This discrepancy has created a gap between available datasets and their practical usability, posing a significant barrier for researchers lacking specialized bioinformatics training. Variations in data processing methodologies further complicate the comparison of different machine learning approaches, making it challenging to identify the optimal method for tasks such as classifying patient samples as benign or malignant.

In response, collaborative researchers from Japan and the United States have developed a robust database tailored for machine learning applications, comprising genetic and molecular data from over 8,000 cancer patients. They named this groundbreaking database MLOmics. Similar to a well-organized library, MLOmics provides cancer data ready for immediate use by computer models, eliminating the need for extensive data preprocessing.

To create MLomics, researchers retrieved patient samples from 32 cancer types from publicly accessible databases, including the Cancer Genome Atlas. They collected four distinct types of molecular data per patient, comprising two DNA product types. The dataset includes transcriptomics data, data on DNA regions termed copy number variation, and details regarding chemical DNA markers known as methylation. For transcriptomics data, the team labeled experimental factors influencing data quality, eliminated contamination from non-human samples, and addressed unlabeled values.

For copy number variation data, researchers focused on cancer-specific repeated sequences, identifying and labeling recurrent aberrant repeats along with their corresponding genes. They adjusted methylation data to eliminate biases caused by various experimental platforms. In addition, a uniform identifier was assigned to all molecular data to standardize naming conventions.

Subsequently, the team developed a coding pipeline to assess data quality and integrate each patient’s molecular data types into a single, cohesive dataset using the multi-omics approach, which amalgamates diverse molecular measurements. They matched each patient sample with its associated cancer type, thereby creating an organized dataset prime for analysis.

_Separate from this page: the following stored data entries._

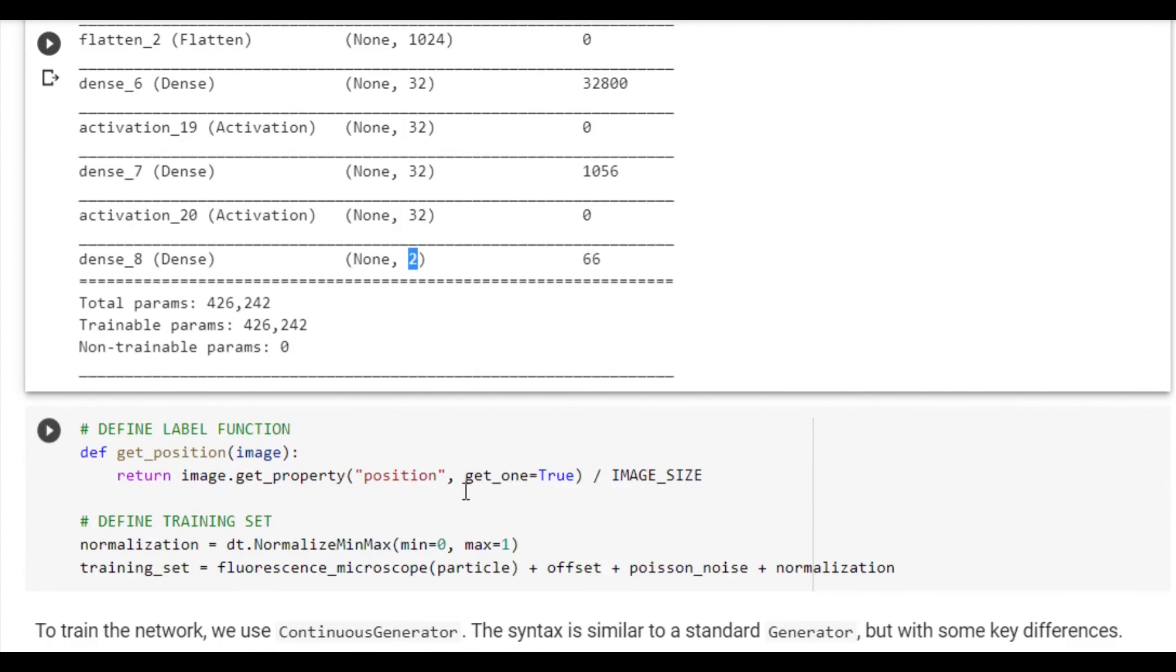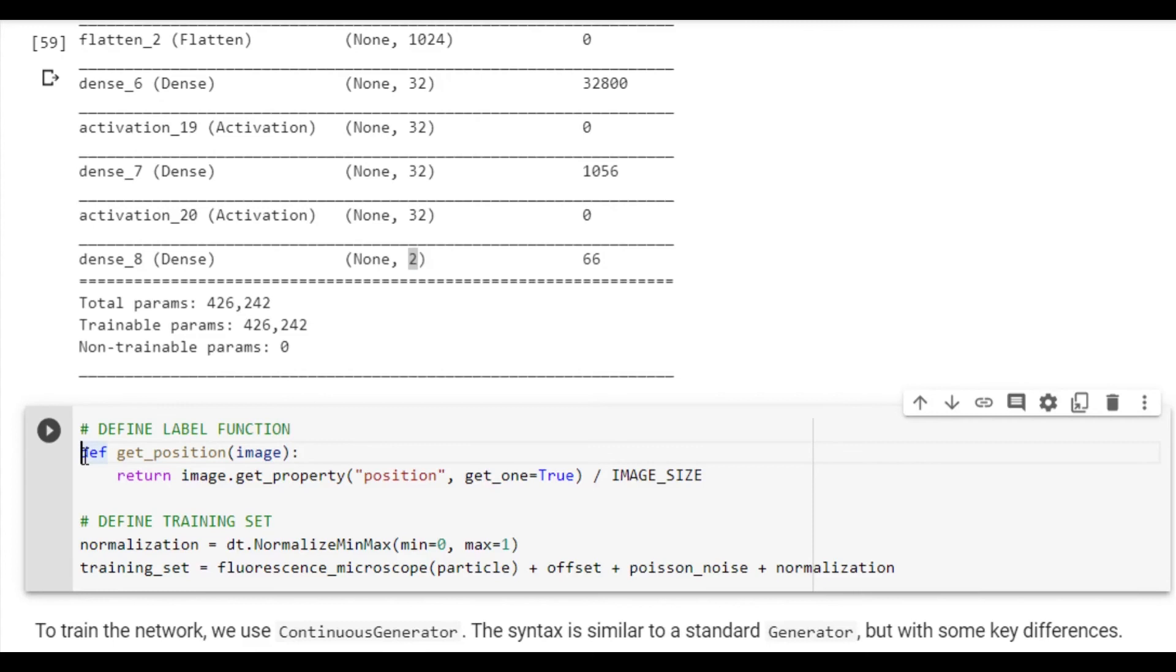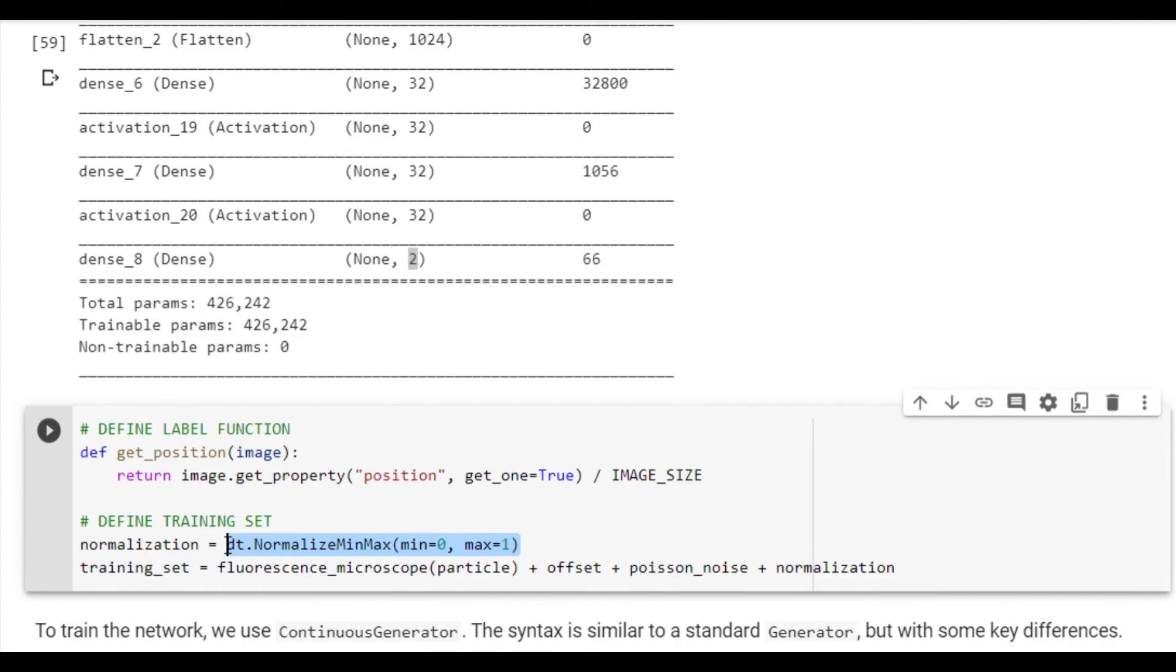Now we are ready to combine all of our knowledge into a single data generation pipeline. We define a function that returns the position of a single particle and divides that by the size of the image. We also define a normalization feature which scales the input image to be exactly between 0 and 1. We use the fluorescence microscope to image a single particle. To this, we add offset, Poisson noise, and finally the normalization, all using the plus operator.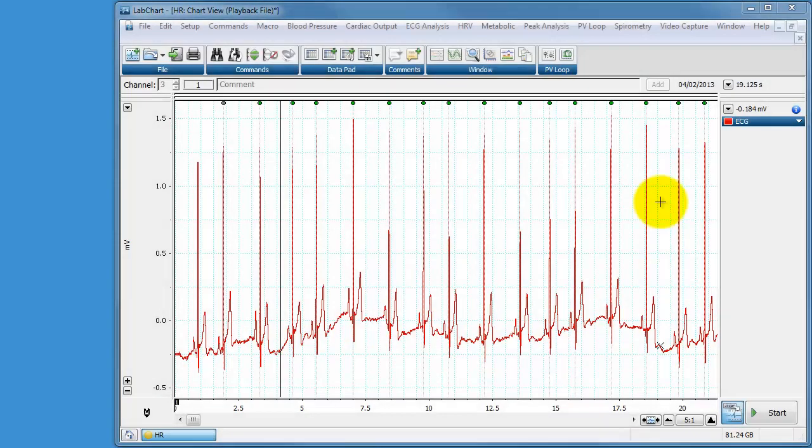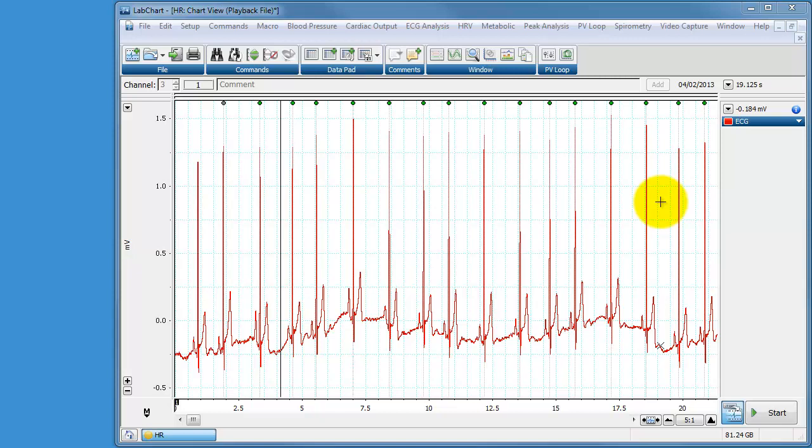Hello, this is a quick demonstration of how to use a macro in LabChart in order to automate what would be a rather laborious repetitive job.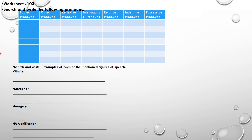In worksheet number 3, search and write the following pronouns. The first type is subject pronouns — a subject pronoun is a personal pronoun used as the subject of a verb, like I, we, you. They are all subject pronouns. Then object pronouns — an object pronoun is a pronoun normally used as a grammatical object, like 'me' or 'us'.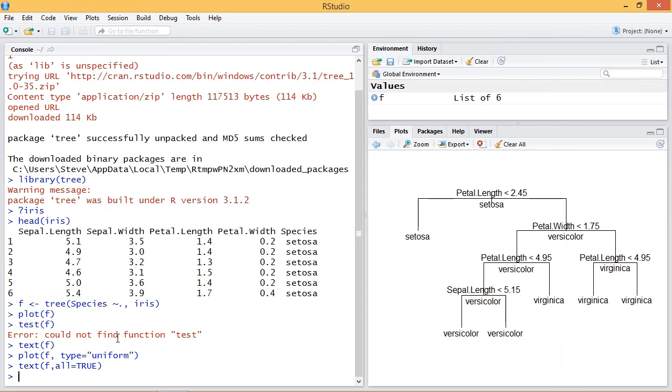And that'll conclude this video on creating a classification tree using the tree package.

The researchers designed 20 task-aware datasets across three categories of machine learning problems, establishing appropriate metrics for model evaluation in each category. They aimed to showcase how MLOmics can be employed for a variety of common research tasks.

The first category is classification, comprising six datasets that facilitate training models to categorize samples into known classes, such as malignant or benign tumors. The second category, clustering, includes nine datasets that allow scientists to explore how samples group naturally based on molecular characteristics when predefined labels are absent. The final category, data completion, consists of five datasets aimed at addressing incomplete molecular data caused by technical or experimental errors, detailing how models can estimate or fill in missing values, a common challenge in real-world scenarios.

The researchers also organized the MLOmics database into three distinct sections, each with comprehensive usage guidelines. The first section primarily offers task-aware cancer multi-omics datasets formatted as comma-separated values (CSV files). CSV files were selected for their efficiency with large genomic datasets, as they are easily processed by programming languages like Python and R. The second section provides code files designed to assist scientists in model development and evaluation. Finally, the last section includes links to additional resources that complement the primary datasets, ensuring accessibility for all interested researchers, regardless of their background.

In conclusion, the researchers affirmed that MLOmics represents a significant asset for the cancer research community, allowing scientists to concentrate on enhancing algorithms instead of expending time on data preparation. They highlighted MLOmics’ suitability for non-specialists, encouraging interdisciplinary research and broader biological studies. The team is committed to continuously updating MLOmics with new resources and tasks in alignment with advancements in the field.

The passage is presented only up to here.